No recuerdo muy bien cuándo comencé a sentirme así. No sé hacerme trenzas en el pelo, pero tenía una en la garganta que se había enmarañado poco a poco y me costaba deshacer. Echo la vista atrás buscando el detonante, el origen, la raíz del problema, pero veo todo borroso. Sólo recuerdo febrero en Madrid, en el sofá de una casa que no era la mía llorando, sintiéndome tonta y vacía, con la autoestima por los suelos y queriendo volver a mi hogar. Pensaba que en las cuatro paredes de mi piso me sentiría yo, pero no fue así.

Llegaron meses fríos. Hice lo que nunca había hecho: callarme. Soy de esas personas que cuando tiene un problema no puede guardárselo. Necesito gritarlo, contarlo y solucionarlo cuanto antes porque las preocupaciones en mi cabeza son como un virus que lo arrasa todo. Cuanto más lejos mejor. Esta vez no fue así.

Metí todo lo que me quitaba el sueño en una caja y le puse mil candados, escondiéndola en los recovecos más ocultos de mi interior y prohibiéndome abrirla. No hablaba del tema ni con mi familia ni con mi mejor amiga, que es mi otra mitad, y lo peor de todo es que tampoco lo hacía conmigo misma. Era tabú. No hace falta ser muy listo para saber que esto iba a acabar fatal.

Veía los días pasar como si fuese espectadora de mi vida. Me despertaba, me sentía vacía y me iba a la cama preguntándome qué estaba roto dentro de mí para sentirme así. Buscaba porqués, pero cuando llegaba a los límites de mi mente que separaban lo conocido con la caja inaccesible, ponía el freno y daba marcha atrás. “No entres ahí, mejor no abras esa puerta”, me decía.

No hay nada más jodido que olvidarte de quién eres, mirarte en el espejo y querer llorar, evitar ver a la gente a la que quieres porque sabes que ellos notarán el problema y… ¿Qué les dirás? Que no eres feliz, pero, ¿qué es ser feliz? Demasiadas preguntas que no quería hacerme por miedo a obtener respuestas.

En junio algo cambió y esta vez si tenía claro el qué. Otra vez estaba en el sofá de una casa que no era la mía, pero por primera vez en meses me sentí feliz. Recordé todo a lo que había renunciado durante estos meses: la curiosidad por las cosas, mi autoestima, pasar la noche en vela hasta que amaneciese por una razón que no fuera dar vueltas a las cosas, soñar despierta con planes sobre el futuro.

Ahora cierro el mes viendo la vida de otra manera y volviendo a ser yo misma, recuperando las ganas de conocer y ser conocida, y por el camino he encontrado a alguien que me hace sentir en casa.
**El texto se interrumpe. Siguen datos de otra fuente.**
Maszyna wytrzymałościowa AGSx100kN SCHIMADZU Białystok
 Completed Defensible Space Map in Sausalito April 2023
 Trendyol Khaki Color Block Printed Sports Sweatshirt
Le dije que no se metiese en berenjenales, que mi caos interno era inmenso y que no quería que lo pasase mal, pero aun así se quedó demostrándome que yo no necesito un salvador, me necesito a mí misma. En vez de deshacer todos mis nudos, me ha dado paciencia y ganas de hacerlo yo misma, y la caja que guardaba a buen recaudo cerrada con varios candados se ha abierto. ¿Por qué me daba tanto miedo lo que guardaba en su interior si en el fondo era yo?